No privileged_context, reward functions, or teacher model are needed.

Key hyperparameters#

The paper identifies the following key hyperparameters:

temperature: training-time sampling temperature (T_train). Higher values create more diverse samples but may include more noise. The paper uses T_train=0.6 with truncation.
top_k and top_p: training-time truncation parameters (rho_train). These suppress low-probability distractor tails during data synthesis.
T_eval: the evaluation-time decoding temperature is set independently at inference time. The paper shows that T_train and T_eval compose through an effective temperature T_eff = T_train * T_eval, with a broad optimal band.

Example script#

Use trl/experimental/ssd/ssd.py to launch SSD training from the command line.
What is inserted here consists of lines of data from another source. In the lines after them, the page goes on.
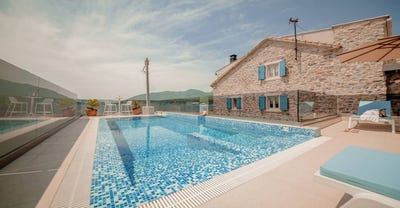 /international/me/opatovo-tivat-tivat-310105991083/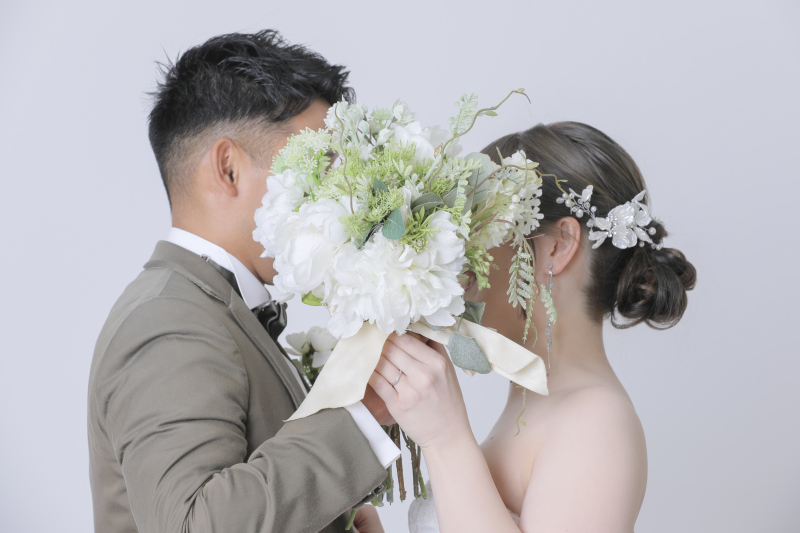 お顔隠しの術。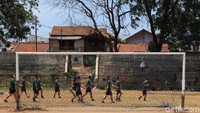 Kendati demikian, pelajar dari sejumlah sekolah dan warga sekitar kerap memanfaatkan lapangan ini untuk melakukan aktivitas olahraga di stadion yang memiliki kapasitas 12 ribu penonton ini.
The script supports any causal LM from the Hub, custom local datasets via --dataset_path, and PEFT/LoRA via the standard ModelConfig flags.
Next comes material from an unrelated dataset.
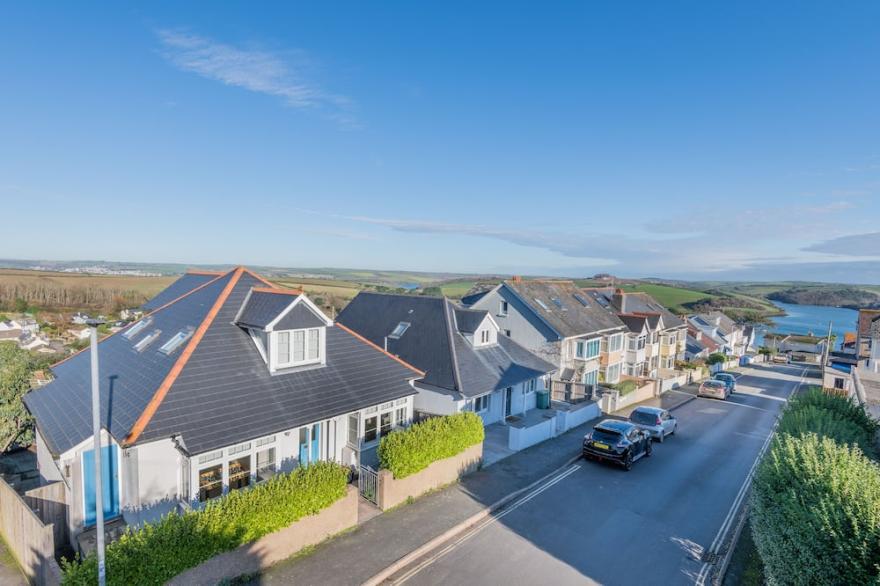 Spacious family home close to all Salcombe's amenities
python trl/experimental/ssd/ssd.py \
    --model_name_or_path Qwen/Qwen3-4B-Instruct-2507 \
    --dataset_name microsoft/rStar-Coder \
    --dataset_config seed_sft \
    --prompt_column question \
    --output_dir outputs/ssd-qwen3-4b \
    --per_device_train_batch_size 1 \
    --gradient_accumulation_steps 32 \
    --learning_rate 5e-6 \
    --lr_scheduler_type cosine \
    --max_prompt_length 1024 \
    --max_completion_length 65536 \
    --temperature 1.6 \
    --top_k 20 \
    --top_p 0.8 \
    --num_train_epochs 1 \
    --bf16 \
    --report_to trackio

Evaluation on LiveCodeBench#

Use trl/experimental/ssd/ssd_eval.py to evaluate a base model or an SSD-trained checkpoint on LiveCodeBench v6. The script uses vLLM for generation and LiveCodeBench’s official codegen_metrics for sandboxed pass@k scoring; default decoding parameters match Table 3 of the paper.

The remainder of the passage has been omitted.